Textsummarization
text summarization with supervised learning and atomic events
Install / Use
/learn @kashgupta/TextsummarizationREADME
<span style="color:#1EAAF1">Computational Linguistics</span>
<span style="color:#1EAAF1">Extractive Text Summarization</span>
Aditya Kashyap, Garvit Gupta, Jialin Wang, Ignacio Arranz, Kashish Gupta and Shiva Suri
25th April, 2018
A more readable Google Docs version of this document can be found at https://docs.google.com/document/d/1S_8wigOa9RhUFnq2uvQJ6bjre7rBkhEJw7ew-KdFEM8/edit?usp=sharing
<span style="color:#1EAAF1">Table of Contents</span>
- Title & Authors
- Table of Contents
- Abstract
- Introduction
- Literature Review
- Experimental Design
- Experimental Results
- Conclusion
- Acknowledgements
<span style="color:#1EAAF1">Abstract</span>
This paper discusses our attempts to achieve a strong ROUGE-2 measure with regards to extractive text summarization by harnessing several existing methods. Namely, we implemented and combined atomic event extraction, word frequency, matrix decomposition (i.e. factorization into canonical form), and finally two different supervised models. We found that achieving an initial ROUGE-2 score of almost 5% was fairly straightforward (we were able to reach this score via crudely extracting the first sentence of each article): for a long time, the best performing extractive summarizers were those which just picked the first n sentences! However, meliorating performance proved to be a challenging task given the intrinsic complexity of a summary. While state-of-the-art ROUGE-2 bigram f-scores for extractive text summarization are roughly 11%, the highest ROUGE-2 score we obtained was 9.7% and a ROUGE-1 over 32%.

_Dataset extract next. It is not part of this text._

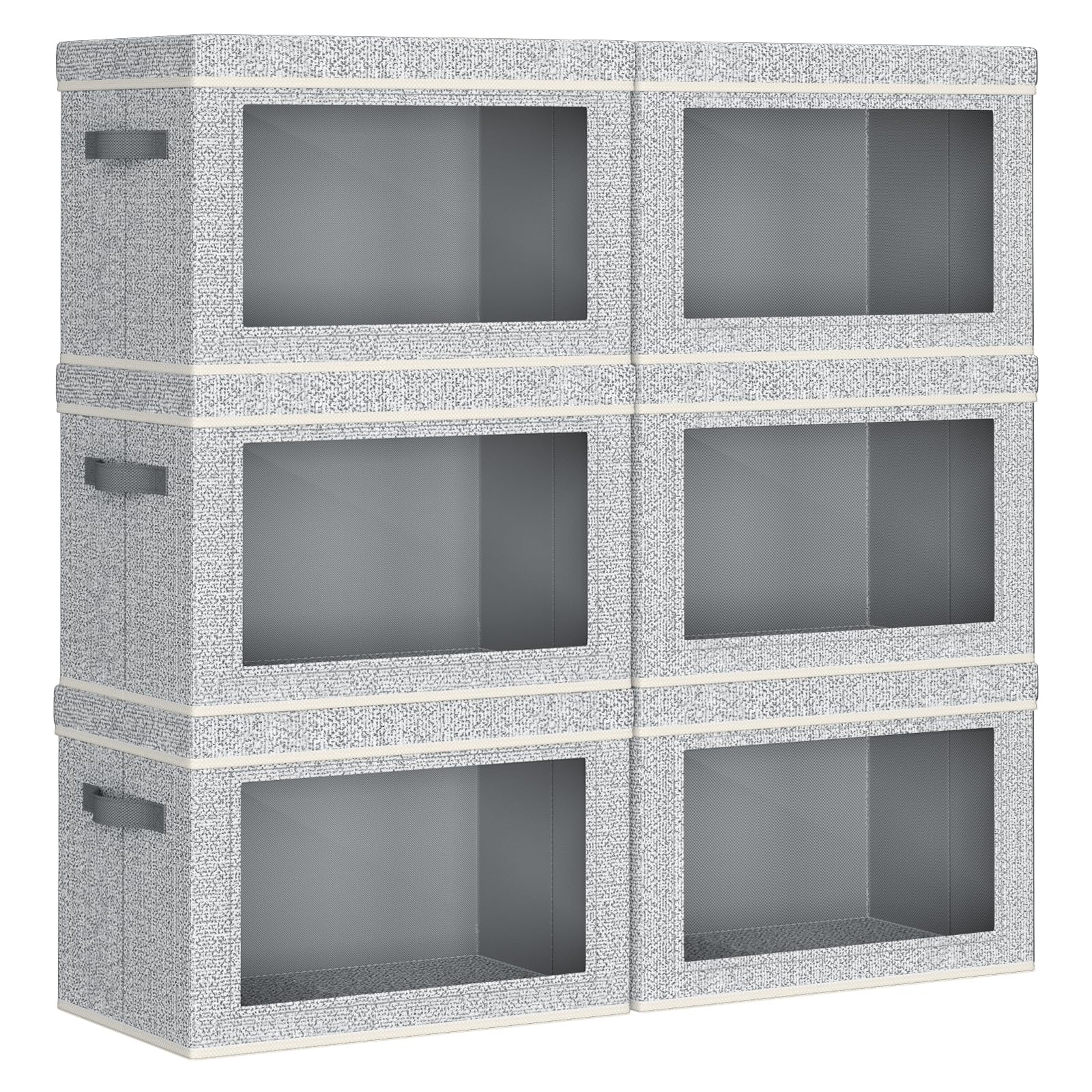 Homsorout Collapsible Storage Bins with Lids - Stackable Storage Containers with Window, 6 Pack Fabric Cube Bins for Closet, Home &amp; Office Organization Baskets, Light Gray, 14.9" x 9.8" x 9.8"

<span style="color:#1EAAF1">Introduction</span>
A. Our task
Our task was to find the n most important sentences in a given paper which contained the most significant and greatest number of concepts with respect to the rest of the paper. Thus, an initial objective was to determine a metric that identified concept. After we were able to establish this baseline, we challenged ourselves to mathematically clean this data (e.g. matrix normalization & decomposition), and to continually expand upon our definition of a ‘concept’ until we found our best performing model.
Our model’s inputs were the documents we would like to summarize along with the target number of sentences. For example, given this text and a target of three sentences, a gold standard summary produces the following results.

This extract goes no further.